Elise, not Elsie.

This is a huge post about me.
I hope you enjoy :)


I am a verrrry proud Jersey girl. I live in the southern part of the state where the nature is plentiful, the air is sweet, and nobody "tawks like dis or pahks ah cahs in hahvahd yahd at awl." I've lived here my whole life and eventually I'll settle down here again when I'm older. We kind of function as our own state, as anyone who has visited the north and traveled south will realize how different the two sections of New Jersey are. The best part about my area - besides the view - is its closeness to major areas (beaches, Philadelphia, NYC) and that it is PHILLIES COUNTRY :) But that's about the only local team I like.


As much as I love my state - and trust me, I never knew how much until I had to defend it to NYers who assume the whole state is like the Jersey Shore and Desparate Housewives of NJ - I decided not to stay for university.
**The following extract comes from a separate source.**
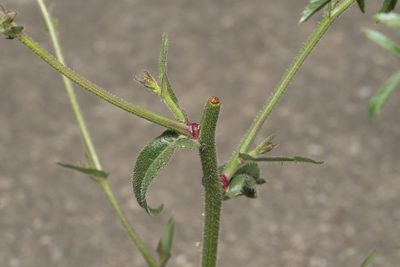 Picris rhagadioloides, photographed by Eleftherios Katsillis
I attend the State University of New York at Albany (aka SUNY Albany aka UA) where I double-major in Social Psychology and English and double-minor in Italian and Women's Studies. I intend to push for a doctorate in Social Psychology, we'll see :) I'm a part of the Women's Collective and will be teaching a Feminisms 101 class in Spring 2013; I am also a Research Lab Assistant in the Weight and Eating Disorder Laboratory - EDs are a bit of a passion of mine. I love how nature-y my campus is because it reminds me of home but it's often very cold. Fine by me!



Anyone who knows me in RL is completely blown away by the fact that I've been saved. I was raised Catholic and disowned God and the church a few days after my Holy Communion in fifth grade. I was an atheist until late into my junior year of high school where I feel like I shifted more into agnosticism. I always had beliefs but I never subscribed to the whole God thing - and I was NOT afraid to tell people. Sure, I was respectable, but as soon as you started trying to shove Jesus down my throat, I was armed with every flaw in the Bible. Summer before my senior year of high school my friend Amanda and I got incredibly close and she introduced me to Christianity and her non-denominational church the Word. I was saved at True North Church (which somebody of ANY or NO faith can enjoy - it's very alternative and modern/indie concert-like) on January 24, 2011. Something just clicked with the message that night and I knew I was ready. Granted, I'm still conflicted about the Bible - I 110% suppport the LBQT community and heck, I'm a feminist! - but my relationship with God is amazing. And my youth group - they're amazing. Seriously. Moving mountains every day.


(From May 2010)


I was kicked out of my mom's house February of my freshman year of high school. She was an incredibly abusive alcoholic all of my life to my brother and I, and even though I truthfully did nothing but exist (I'm "the good kid") that night, it's for the better that it happened. I moved in with my father and needed a change - I'd always wanted to be a vegetarian but wasn't allowed, so I took the 30 day pledge and then dived into veganism. I've been a vegan ever since! I love it. I love how healthy I am, I love how I'm contributing to a cruelty-free world, I love that I educate people on a weekly basis about my diet, and I love that I feel in-sync with my morals and values. I've always been huge on animal rights and activism so it really just fell into place. AND my food is better - and 100% cruelty-free!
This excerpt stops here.